:: Records to use ::

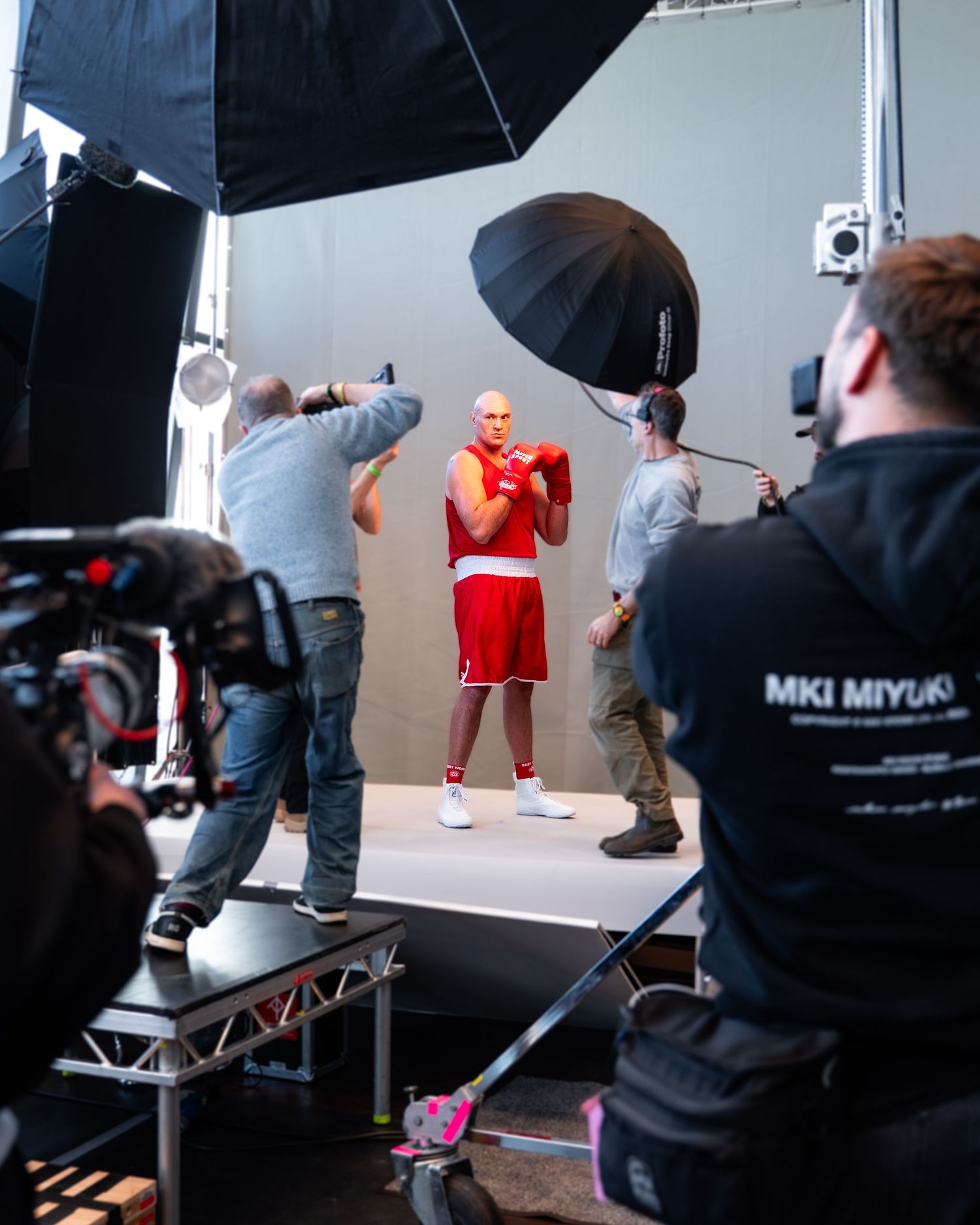 Behind-the-scenes photo shoot setup in a studio with lighting equipment and photographers capturing a model in red.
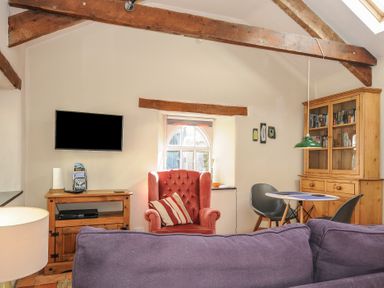 A living room with a purple sofa a red armchair a wooden cabinet and a dining table with chairs at The Barn in Lifton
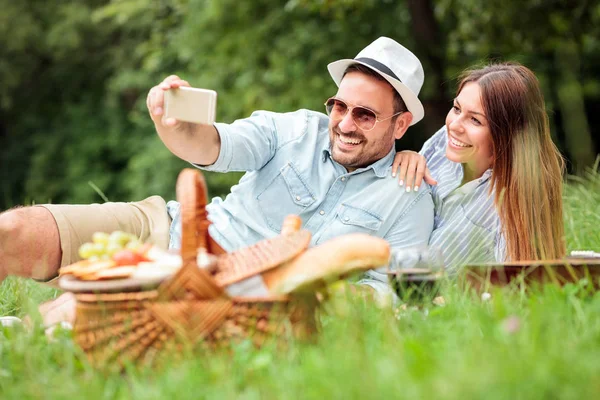 Feliz pareja joven tomando una selfie mientras disfruta de un picnic en el parque — Foto de Stock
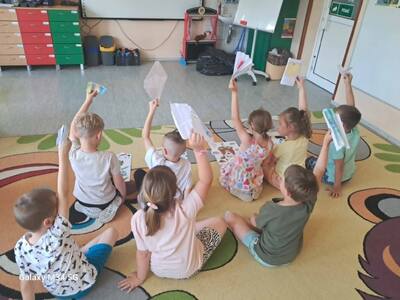 Dzieci siedzą przy stoliku i na podłodze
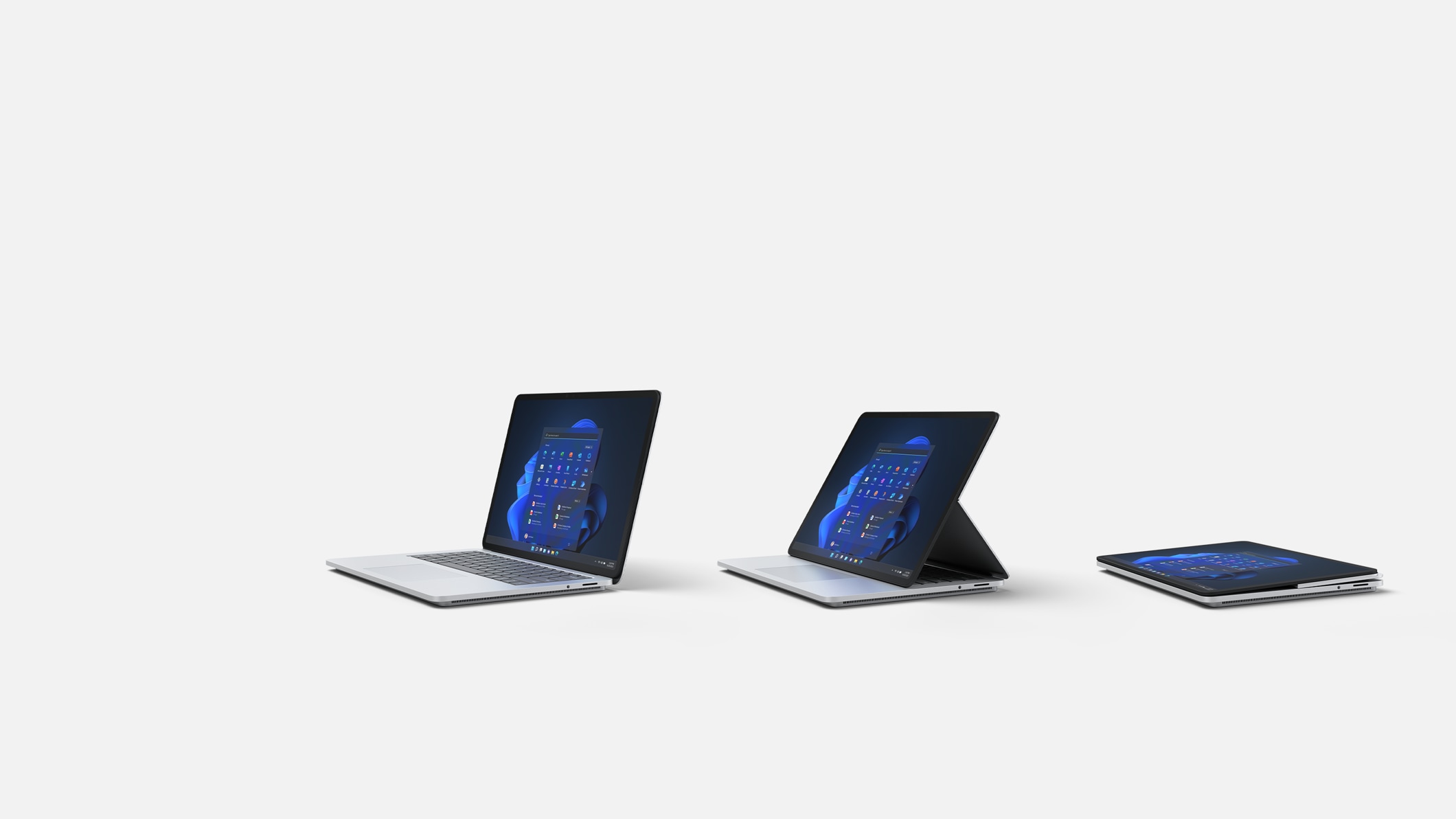 Two Surface Laptop Studio for Business devices.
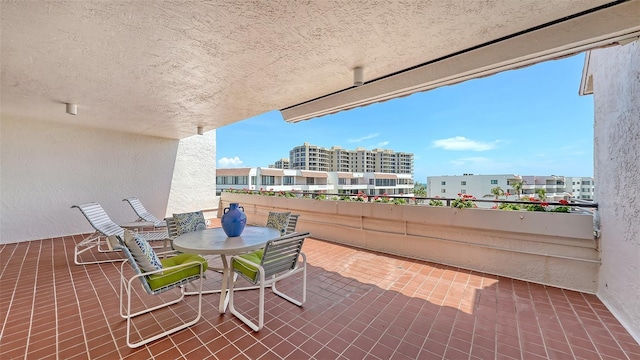 1465 Gulf Of Mexico Dr Unit 502, Longboat Key, FL 34228 - view of patio / terrace with a balcony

:::

**Exercise brief:**
Counting both ends, reproduce word for word the lines from the line with "Dzieci siedzą przy stoliku i na podłodze" to the final line of the listing above, skipping every picture.

**Result for this exercise:**
 Dzieci siedzą przy stoliku i na podłodze
 Two Surface Laptop Studio for Business devices.
 1465 Gulf Of Mexico Dr Unit 502, Longboat Key, FL 34228 - view of patio / terrace with a balcony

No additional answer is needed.